→ WHAT TO DO
Every entry below should come back unchanged, except that the pictures are dropped.

→ RECORDS FOR THE TASK
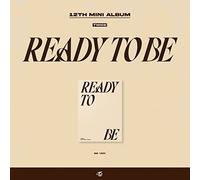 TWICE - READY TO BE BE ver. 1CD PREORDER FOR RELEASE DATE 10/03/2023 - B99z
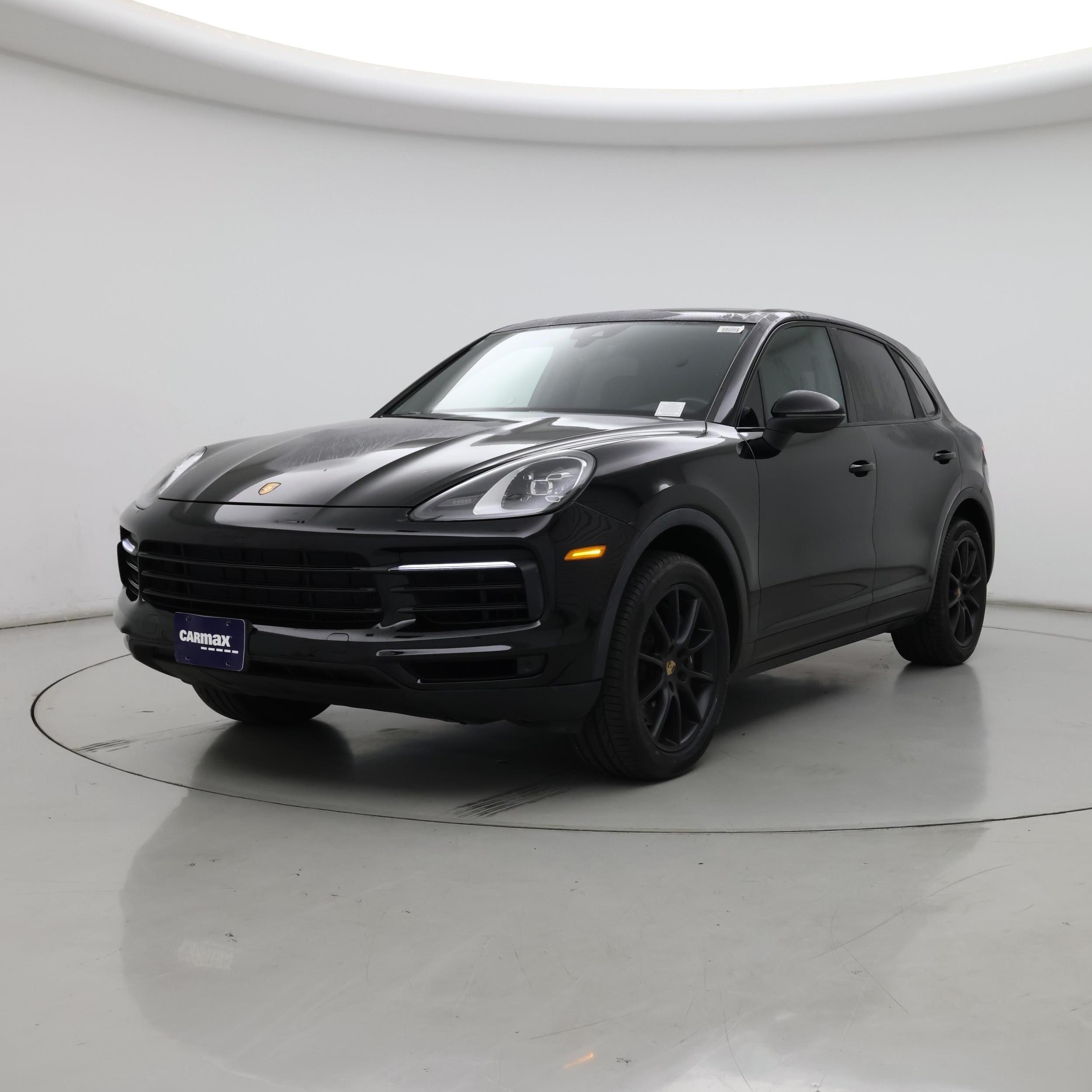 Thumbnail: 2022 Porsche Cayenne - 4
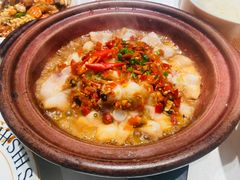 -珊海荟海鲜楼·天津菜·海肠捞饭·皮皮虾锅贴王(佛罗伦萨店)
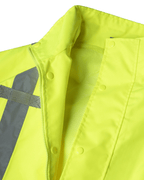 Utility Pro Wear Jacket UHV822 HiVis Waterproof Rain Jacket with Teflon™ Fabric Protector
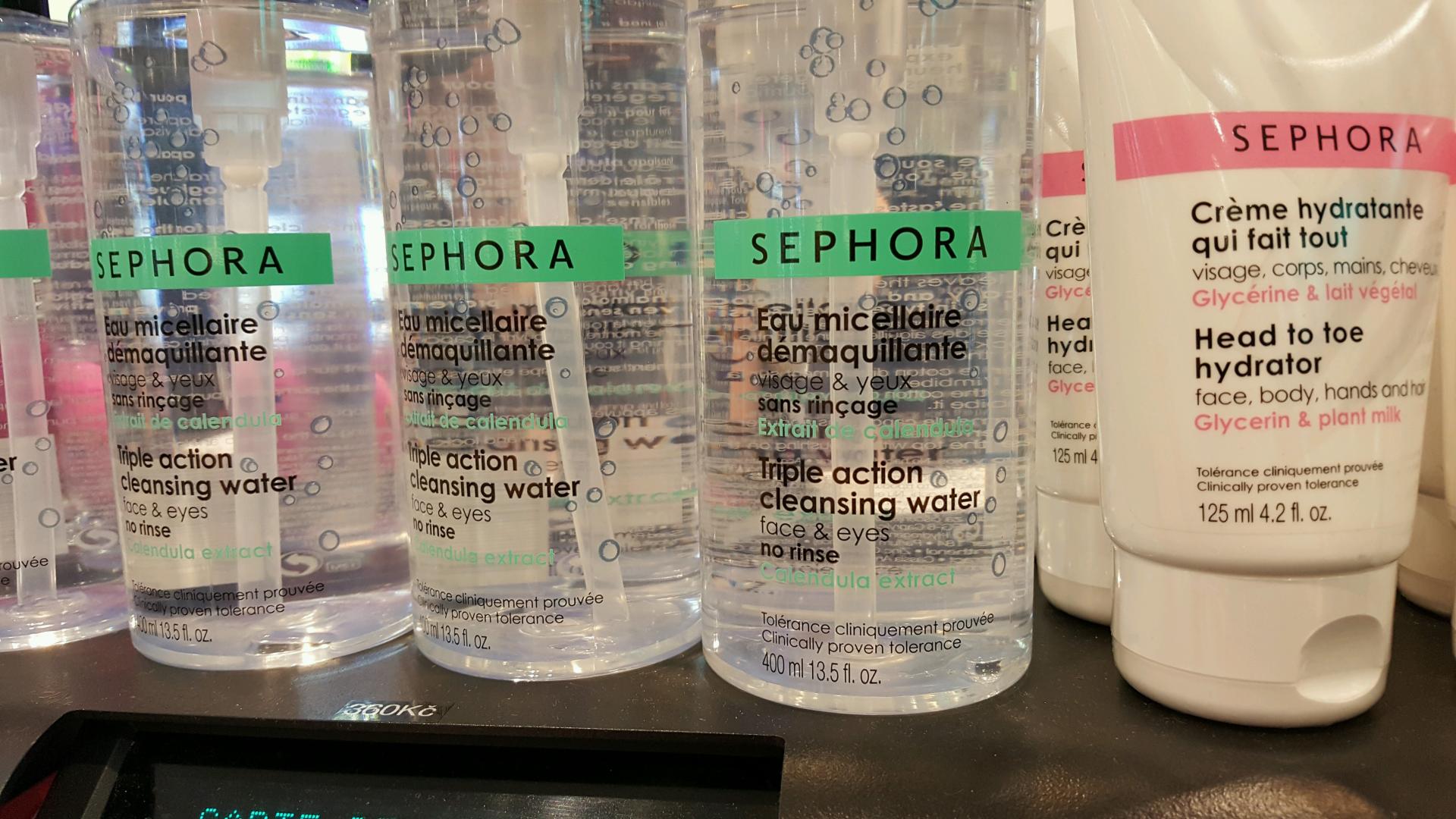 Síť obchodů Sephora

→ TASK RESPONSE
 TWICE - READY TO BE BE ver. 1CD PREORDER FOR RELEASE DATE 10/03/2023 - B99z
 Thumbnail: 2022 Porsche Cayenne - 4
 -珊海荟海鲜楼·天津菜·海肠捞饭·皮皮虾锅贴王(佛罗伦萨店)
 Utility Pro Wear Jacket UHV822 HiVis Waterproof Rain Jacket with Teflon™ Fabric Protector
 Síť obchodů Sephora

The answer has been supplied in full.